- Opening Delimiter -

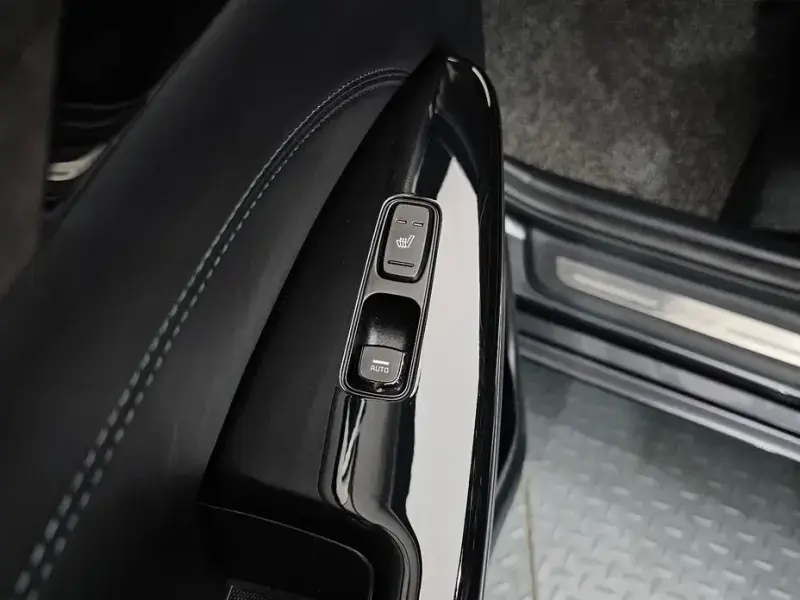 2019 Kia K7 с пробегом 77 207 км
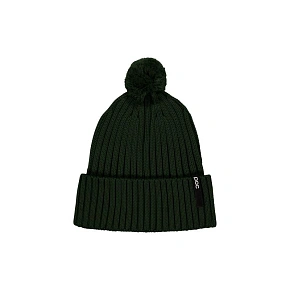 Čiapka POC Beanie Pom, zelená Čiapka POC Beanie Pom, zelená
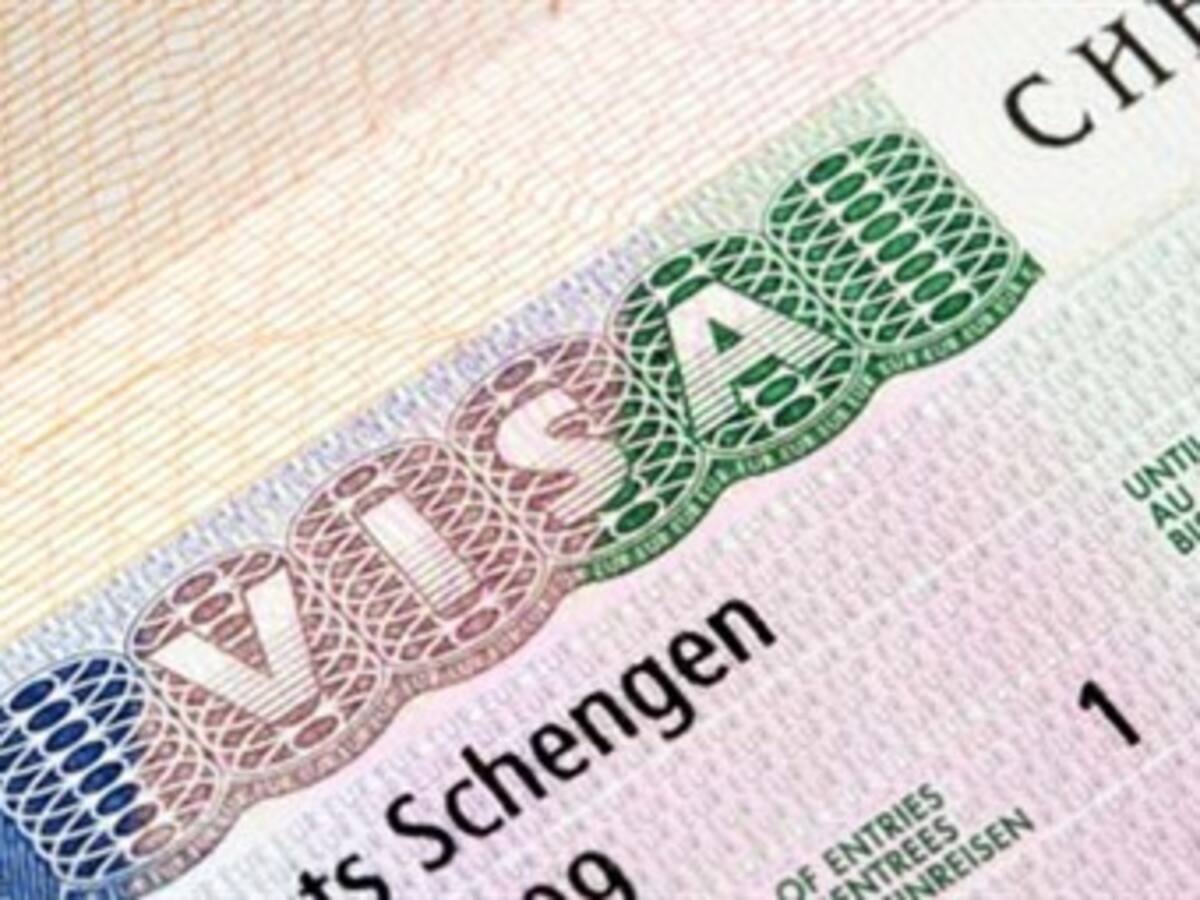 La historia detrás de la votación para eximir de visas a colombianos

- Closing Delimiter -

Aim of the exercise: Restate all the material verbatim; omit every picture.

Task solution:
 2019 Kia K7 с пробегом 77 207 км
 Čiapka POC Beanie Pom, zelená Čiapka POC Beanie Pom, zelená
 La historia detrás de la votación para eximir de visas a colombianos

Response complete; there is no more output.